The robustness of existing FL-methods under different Non-IID levels.

Fig. 4.
figure 4

The robustness of Mini FL-methods under different Non-IID levels.

Table 5. The global accuracy of FL/Mini-FL methods under different Non-IID degrees and non-attack setting

First, Mini-FL achieves similar global accuracy as FedAvg (average aggregation rule) in the non-attack setting, but most existing byzantine robust FL methods have a decreased accuracy. For instance, FedAvg and all Mini-FL methods (i.e., Mini-Krum, Mini-Median, Mini-Trimmed mean) achieve over 90% global accuracy on MNIST-0.75 while Krum, Median, Trimmed mean get 77.27%, 80.45%, 88.29%, respectively. Table 4 illustrates the global accuracy of different FL/Mini-FL methods under different Non-IID degrees and non-attack settings. The result shows the Mini-FL framework increases the accuracy for existing FL methods in the non-attack scenario. This is because benign gradients could be very different in the Non-IID setting, which may be regarded as malicious gradients and discarded by the existing FL method. As Mini-FL performs the aggregation by groups, it could comprehensively collect features from different groups and guarantee global accuracy.

Second, our Mini-FL shows better robustness and stability than most existing FL methods against different attacks and under different Non-IID settings. Specifically, most Mini-FLs can maintain the unattacked global accuracy even facing a state of art attack and under an extreme Non-IID setting; on the contrary, existing FL methods immensely decrease global accuracy and even be fully broken. For instance, Mini-median achieves 89.77% global accuracy in MNIST-1.0 under ‘local attack,’ while Median drops global accuracy from 53.60% to 2.85%. Table 5 illustrates the global accuracy of FL/Mini-FL methods under different Non-IID degrees and different attacks.

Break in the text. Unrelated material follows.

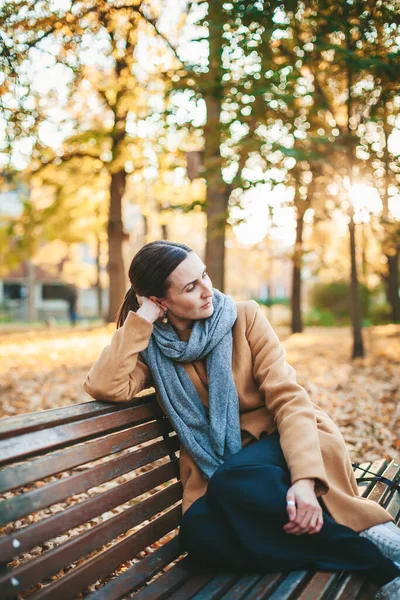 Güneşli Bir Sonbahar Parkında Bankta Oturan Bej Ceketli Güzel Düşünceli — Stok fotoğraf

Moreover, the result shows that although the Mini-trimmed mean improves the robustness for the trimmed mean method, it achieves lower global accuracy than other Mini-Fl methods. For instance, Mini-trimmed mean achieves 62.33% global accuracy under drop attack in MNIST1.0 while other Mini-FL methods get around 90%. This is because the original FL method (Trimmed mean (\(\beta \) = 20%)) draws a larger attack surface than Krum and Median as Trimmed mean (\(\beta \) = 20%) accept and aggregates 80% gradients received while Krum and Median accept only one gradient.

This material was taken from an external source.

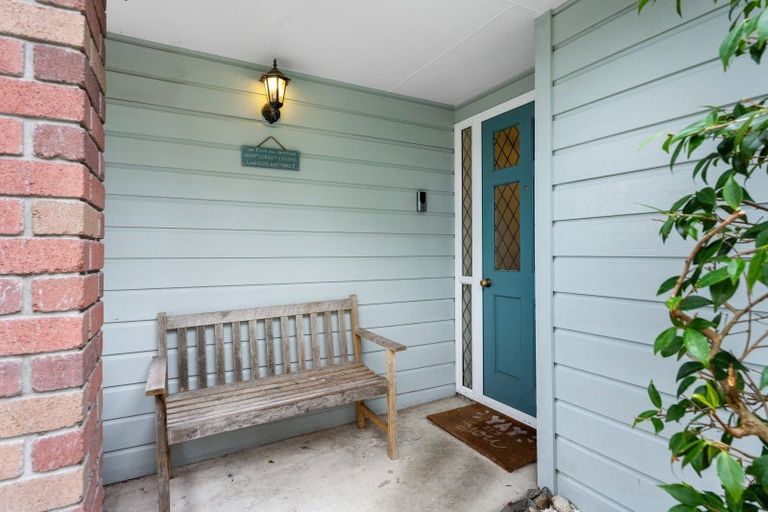 Photo of property in 1 Hadleigh Court, Paraparaumu, 5032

Third, Mini-FL maintains the principles of focused collection and data minimization of FL. All of the information used for grouping (i.e., IP address, response time, and client ID) are naturally carried by the gradients when uploading. Mini-FL neither asks clients to upload their information further nor digs their features through reverse engineering, which provides the same privacy protection as the existing FL methods.

6 Discussion and Future Work

Mini-Krum and Bulyan: Mini-Krum and Bulyan [11] are different, although both of them rely on performing Krum and mean/trimmed methods. Specifically, Mini-Krum performs Krum by group and generates the weighted average as the global model. In contrast, Bulyan globally performs Krum n times to select n gradients and performs Trimmed-mean to generate the global model. As Bulyan does not consider the Non-IID setting of FL, it faces a similar degraded performance as other FL methods in Non-IID scenarios.

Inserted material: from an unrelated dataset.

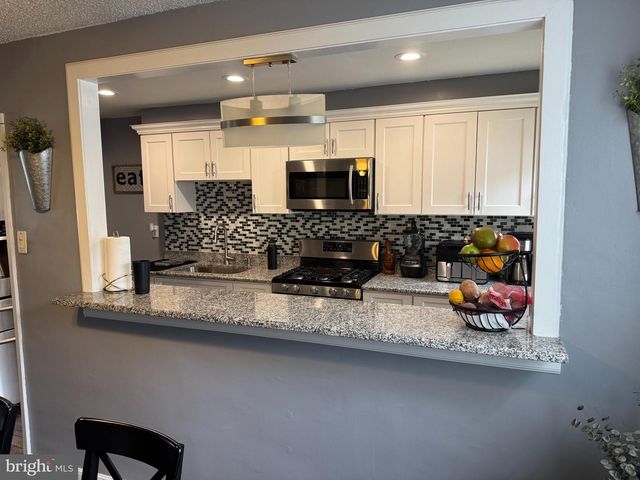 5851 NEWTOWN AVE, Philadelphia, PA 19120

Non-IID sources: As Geo-feature, Time-feature and User-feature are the most common source of Non-IID in the real world, we select these three features as the grouping feature in this research, but we note that the Non-IID source could be more complicated and even be a combination in some cases [13]. We leave investigating further to explore more possibilities of Non-IID sources and improve the Mini-FL method.

7 Conclusion

We evaluated the robustness of existing FL methods in different Non-IID settings and proposed a new framework called Mini-FL to enhance Federated Learning robustness. The main difference between Mini-FL and existing FL methods is that Mini-FL considers FL’s Non-IID nature and performs the byzantine tolerant aggregation in different groups. Our evaluation shows that Mini-FL effectively enhances existing FL methods’ robustness and maintains a stable performance against untargeted model attacks and different Non-IID settings.